Ruth Werner, Soviet spy.

Courtesy of cia.gov

"I was not a spy," the woman known by the pen name Ruth Werner insisted years after her retirement. "I was never in the KGB.  I was a member of the Red Army, in the reconnaissance service."

Whatever her name, however she would categorize herself, Werner was one of the most successful and secretive agents furthering the cause of socialism in the 20th century.  She was born Ursula Kuczynski in Berlin on May 15, 1907 to a Polish Jewish family who supported the German Communist party—the British secret service MI5 had a KAEOT (“keep an eye on them”) file on her family as early as 1928.

She became a member of the party at 19, which resulted in her being immediately fired from her job at a publishing house.  She met and married Rolf Hamburger, an architect, and the couple moved to Shanghai, where the party had told Werner that she would be contacted.  She was approached by the German communist Richard Sorge, then the Soviet Union's spymaster in the Far East.  She later described it as the "one event which was to prove decisive for my future life.”  Sorge gave her the code name Sonja, and she joined a spy ring without her husband’s knowledge, storing weapons and hiding a fugitive Chinese comrade in their home.   She also wrote articles for the German Communist newspaper Rote Fahne (Red Flag), using the pen name Ruth Werner.

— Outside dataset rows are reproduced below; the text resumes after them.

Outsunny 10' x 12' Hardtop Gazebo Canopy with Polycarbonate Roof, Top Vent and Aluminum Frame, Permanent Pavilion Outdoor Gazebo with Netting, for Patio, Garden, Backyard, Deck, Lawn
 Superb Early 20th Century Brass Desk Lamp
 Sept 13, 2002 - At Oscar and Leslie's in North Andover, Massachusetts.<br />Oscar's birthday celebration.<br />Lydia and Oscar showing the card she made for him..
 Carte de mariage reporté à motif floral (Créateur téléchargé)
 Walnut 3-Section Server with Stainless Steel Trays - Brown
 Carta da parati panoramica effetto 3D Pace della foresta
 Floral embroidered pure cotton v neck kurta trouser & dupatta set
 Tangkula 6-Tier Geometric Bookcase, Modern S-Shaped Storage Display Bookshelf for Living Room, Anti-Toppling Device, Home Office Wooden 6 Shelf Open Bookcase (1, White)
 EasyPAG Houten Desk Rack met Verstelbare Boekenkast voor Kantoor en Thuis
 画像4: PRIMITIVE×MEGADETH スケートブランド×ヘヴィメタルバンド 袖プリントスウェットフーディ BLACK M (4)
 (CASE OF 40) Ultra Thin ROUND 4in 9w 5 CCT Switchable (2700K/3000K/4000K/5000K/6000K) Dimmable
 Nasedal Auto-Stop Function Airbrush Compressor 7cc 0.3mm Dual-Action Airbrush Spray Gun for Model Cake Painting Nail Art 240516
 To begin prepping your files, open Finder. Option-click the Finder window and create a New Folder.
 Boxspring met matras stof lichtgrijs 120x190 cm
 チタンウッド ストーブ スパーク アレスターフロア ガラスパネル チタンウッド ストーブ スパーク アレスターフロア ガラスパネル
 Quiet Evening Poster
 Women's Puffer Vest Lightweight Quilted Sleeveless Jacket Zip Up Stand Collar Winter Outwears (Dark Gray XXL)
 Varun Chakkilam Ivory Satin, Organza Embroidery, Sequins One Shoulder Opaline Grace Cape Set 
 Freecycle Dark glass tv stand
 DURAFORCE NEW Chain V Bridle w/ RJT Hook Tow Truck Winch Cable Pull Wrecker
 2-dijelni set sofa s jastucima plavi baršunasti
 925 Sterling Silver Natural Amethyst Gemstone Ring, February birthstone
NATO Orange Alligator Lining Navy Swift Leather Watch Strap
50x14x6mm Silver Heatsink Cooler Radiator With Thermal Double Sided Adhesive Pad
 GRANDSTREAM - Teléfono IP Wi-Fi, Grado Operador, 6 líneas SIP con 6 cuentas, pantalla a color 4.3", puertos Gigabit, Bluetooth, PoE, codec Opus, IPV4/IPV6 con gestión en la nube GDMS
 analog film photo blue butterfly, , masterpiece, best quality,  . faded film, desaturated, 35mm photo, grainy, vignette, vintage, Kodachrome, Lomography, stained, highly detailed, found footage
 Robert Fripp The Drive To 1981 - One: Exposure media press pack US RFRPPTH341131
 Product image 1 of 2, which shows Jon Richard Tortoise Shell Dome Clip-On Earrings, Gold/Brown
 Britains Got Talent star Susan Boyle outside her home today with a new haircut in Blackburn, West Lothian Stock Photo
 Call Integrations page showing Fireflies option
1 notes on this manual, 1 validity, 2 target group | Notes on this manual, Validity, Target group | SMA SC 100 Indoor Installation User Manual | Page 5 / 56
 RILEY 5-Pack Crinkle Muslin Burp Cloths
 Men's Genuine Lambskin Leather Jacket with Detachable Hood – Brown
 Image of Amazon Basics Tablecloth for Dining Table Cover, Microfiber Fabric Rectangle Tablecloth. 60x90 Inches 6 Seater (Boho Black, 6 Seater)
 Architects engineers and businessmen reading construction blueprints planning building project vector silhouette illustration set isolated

She went to Moscow to receive training in using radio transmissions and Morse code, leaving her son Michael with in-laws in Czechoslovakia.  Her training complete, she was assigned in February 1934 to Mukden, in the heart of turbulent Manchuria, which had been seized from China by the Japanese. Her superior was to be “Ernst,” a former German sailor, whom she had met at the radio training school in Moscow.  The couple would later have a daughter, Janina, who was born in April 1936.  After completing her work as a conduit between Russia and the Chinese partisans fighting the Japanese, Werner fled to Poland and later Switzerland.

Mixing the political with the personal once again, Werner’s handlers authorized her marriage to Len Beurton, an English communist who had fought bravely in Spain with the international brigades and whose British citizenship would allow Werner’s entry into England.  In May 1941 Werner was able to make a rendezvous in London with “Sergej,” her new Red Army control.  While living outside Oxford, she was introduced to Klaus Fuchs, another German political exile, who was working on secret British atomic research nearby.  The two would meet to exchange stolen papers relating to the Manhattan Project research into the creation of the atomic bomb, which Werner would transmit to Moscow through her homemade radio set.  In addition to Fuchs she ran other agents, including a Royal Air Force officer, a chemist, a specialist in submarine radar, Germans working for the American Office of Strategic Services, her brother Juergen (who had been hired by the U.S. Army’s Bureau for American Bombing Strategy), and even her father.

Moscow inexplicably broke off communications with her in 1946, and she lived in England until she found a coded message at a pre-arranged site telling her she could go to East Berlin. She buried her radio, bought four U.S. Army duffel bags and took Janina and Peter with her to West Berlin, proceeding by elevated train to the Soviet Sector.  Len and her son Michael joined them in 1951.  Returning to writing, she published some short stories, a biography of Olga Benario (a German communist who was gassed by the Germans in 1942), and her autobiography in 1991.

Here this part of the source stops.